[Opening TASK INPUTS section]
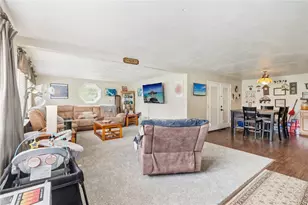 447 Englewood Dr, Ross Twp, PA 15237 - Photo 7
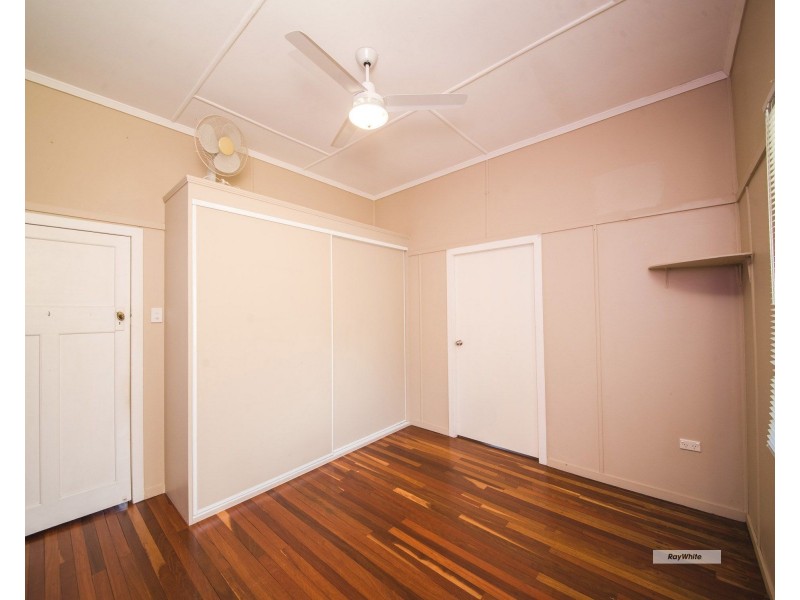1 Meter Street, The Range QLD 4700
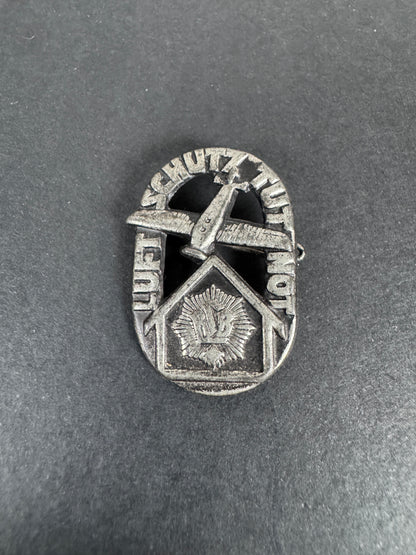 WW2 German "Luftschutz Tut Not" RLB Air Defence Tinnie Badge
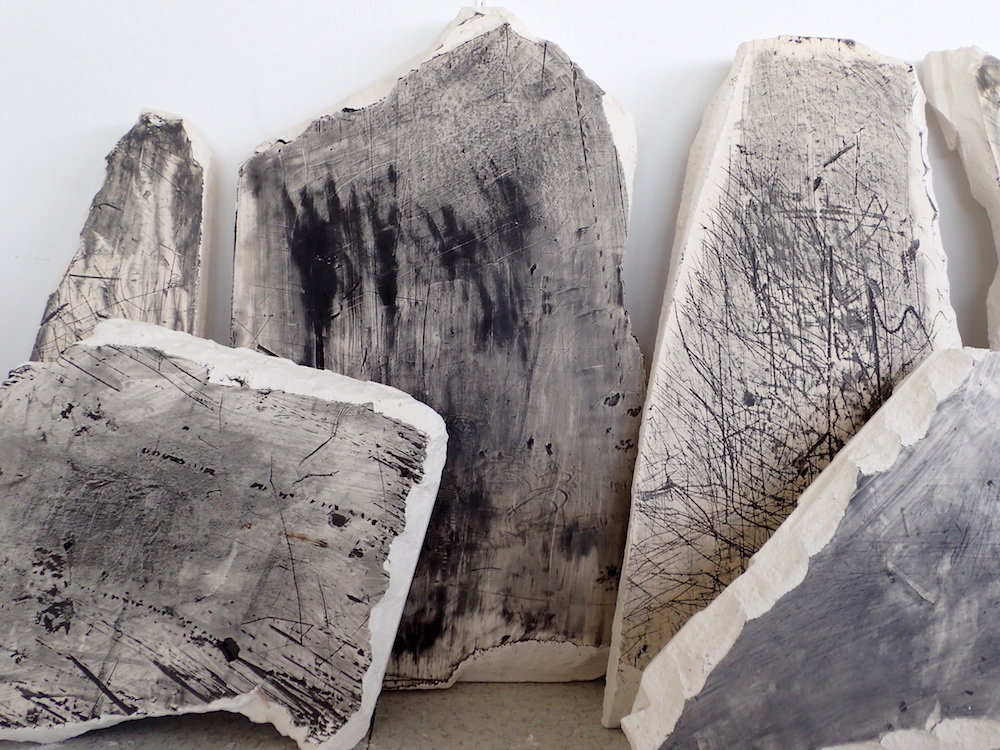 Rémi de Chiara, Miroir de faille, graisse mécanique, graphite et charbon sur plâtre, dimensions variables, 2016 - vue de l'exposition Post-carbone, à L'Angle Art Contemporain (74)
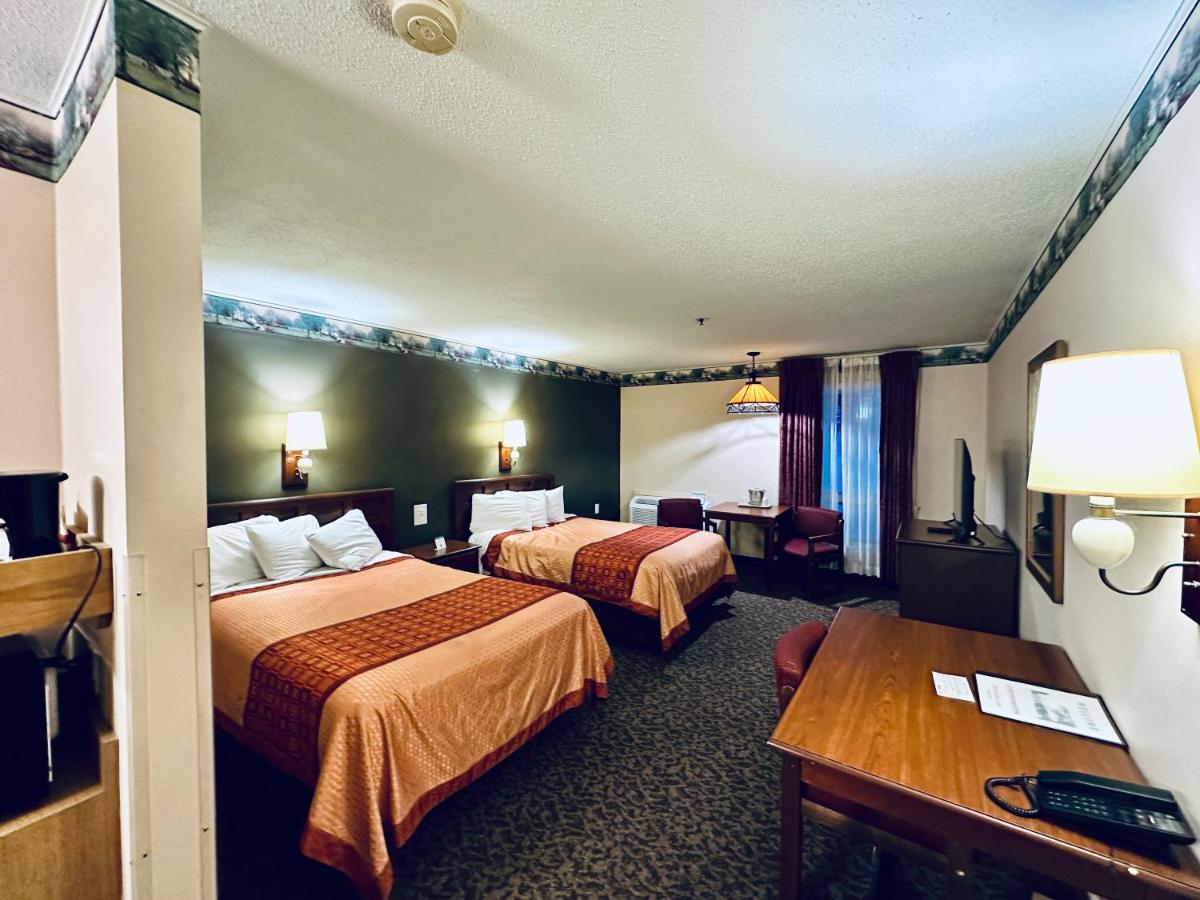 Ivey's Motor Lodge - Housity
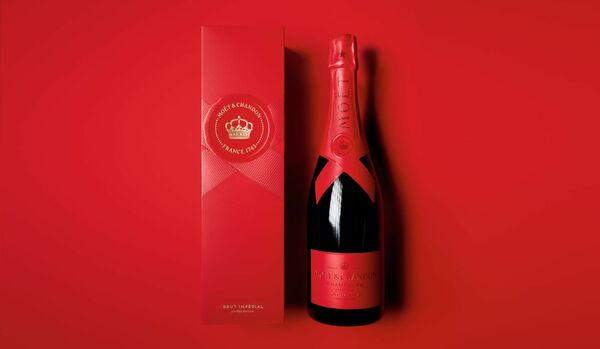 特別なシャンパンで華やかなホリデーシーズンを！モエ・エ・シャンドンの“赤”に染まった限定商品「シェア ザ ラブ」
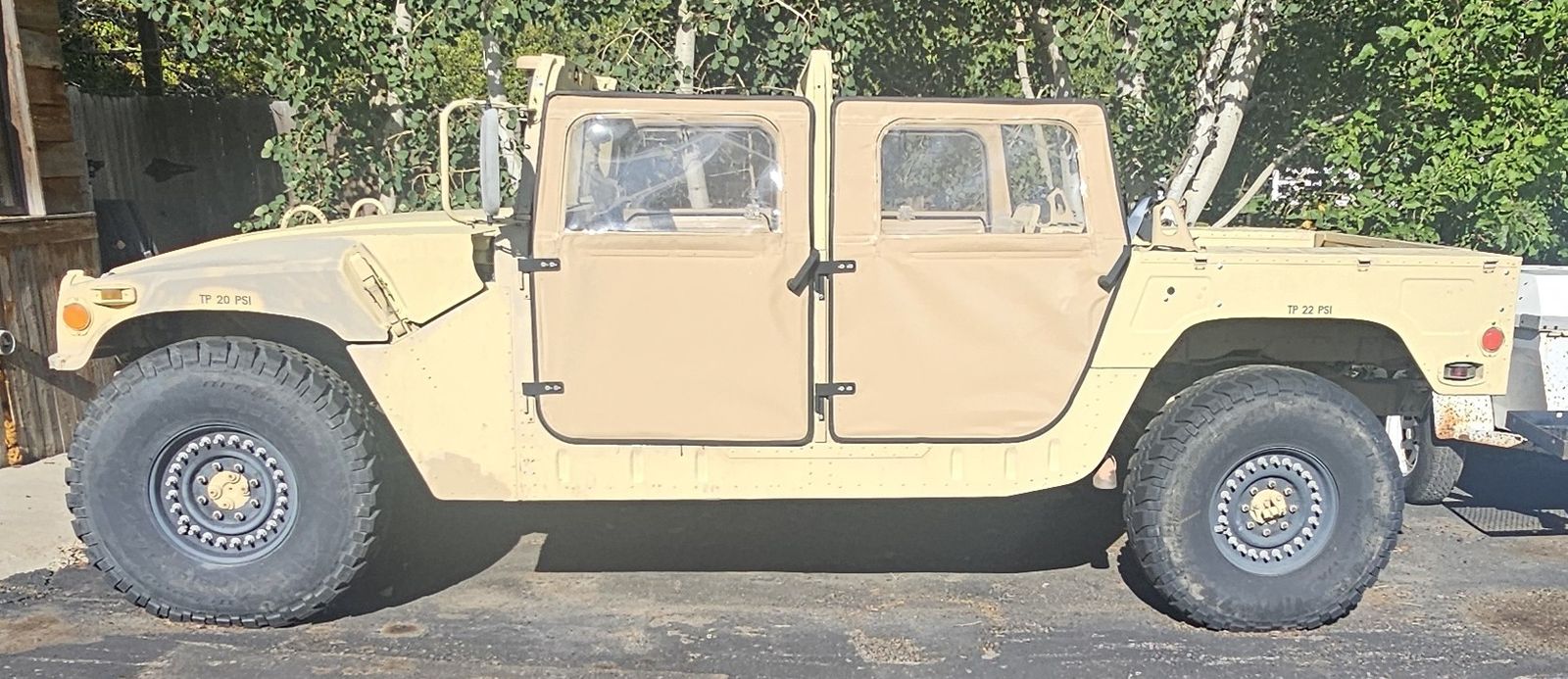 1901 AM General M998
[Closing TASK INPUTS section]
Although the records contain pictures, print only the rest, exactly as written.

 447 Englewood Dr, Ross Twp, PA 15237 - Photo 7
1 Meter Street, The Range QLD 4700
 WW2 German "Luftschutz Tut Not" RLB Air Defence Tinnie Badge
 Rémi de Chiara, Miroir de faille, graisse mécanique, graphite et charbon sur plâtre, dimensions variables, 2016 - vue de l'exposition Post-carbone, à L'Angle Art Contemporain (74)
 Ivey's Motor Lodge - Housity
 特別なシャンパンで華やかなホリデーシーズンを！モエ・エ・シャンドンの“赤”に染まった限定商品「シェア ザ ラブ」
 1901 AM General M998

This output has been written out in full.